Prorogati i termini per l’istruttoria, gli uffici della Regione Umbria al lavoro fino all’inizio di novembre. A disposizione fondi per quasi tre milioni di euro

Quasi cinquemila domande per accedere al bonus centri estivi attivato dalla giunta regionale dell’Umbria lo scorso 16 luglio. A disposizione ci sono risorse per quasi 3 milioni di euro (2.950.000 euro) per “l’erogazione di sussidi a copertura parziale o totale dei costi sostenuti dalle famiglie per la partecipazione di bambini in età prescolare e ragazzi in obbligo di istruzione ai centri estivi 2020”.

Il bando prevedeva questa tempistica: presentazione delle domande entro l’11 settembre 2020, istruttoria nei trenta giorni successivi poi valutazione delle domande e approvazione della graduatoria.

Dall’istruttoria in atto risultano 262 domande presentate da parte di altrettanti centri estivi su delega dei genitori e 4.719 minori per i quali è stata presentata la delega alla domanda.

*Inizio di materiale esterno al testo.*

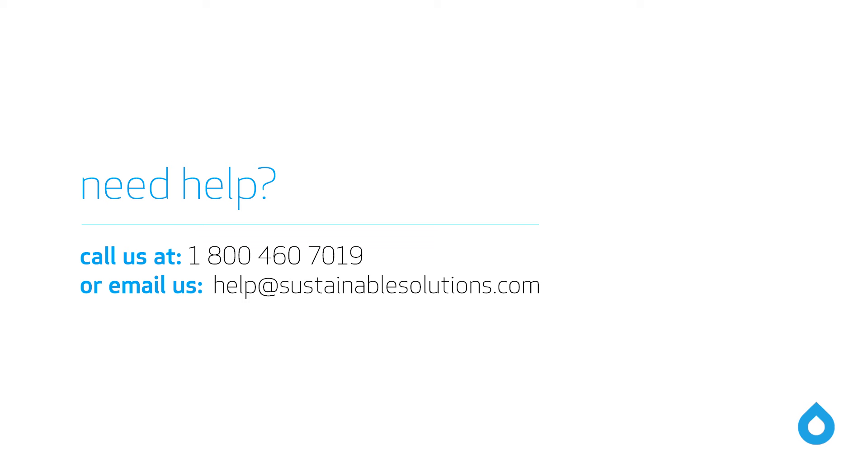If you have any questions about this installation or any Coroma product, please contact our customer service team between 8am and 4:30pm Monday to Friday, toll free at 1-800-460-7019, or by email at health@SustainableSolutions.com.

“Preso atto del consistente numero di domande da elaborare e della particolare complessità di un procedimento amministrativo di nuova istituzione per corrispondere in tempi rapidi ad una concreta esigenza rappresentata dalla comunità regionale nella situazione di emergenza sanitaria da Covid19 – spiega la delibera numero 900 licenziata dalla giunta regionale ad inizio ottobre - Preso altresì atto dell’impossibilità di una qualsiasi oggettiva previsione in sede di pianificazione del bando in merito alle implicazioni di un simile procedimento in termini di tempi di elaborazione delle diverse fasi, in relazione all’indisponibilità di un database di riferimento e anche in relazione ad una situazione organizzativa del servizio preposto condizionata in itinere dalla forzata ed imprevista riduzione del personale assegnato al procedimento stesso” sono stati prorogati di altri 20 giorni i termini del procedimento per un totale di “50 giorni complessivi per la conclusione del procedimento stesso”.

Si arriva così ad inizio novembre per il completamento dell’istruttoria e la dichiarazione di ammissibilità delle domande. Dopodiché si procederà alle fasi successive che porteranno alla liquidazione dei contributi alle famiglie.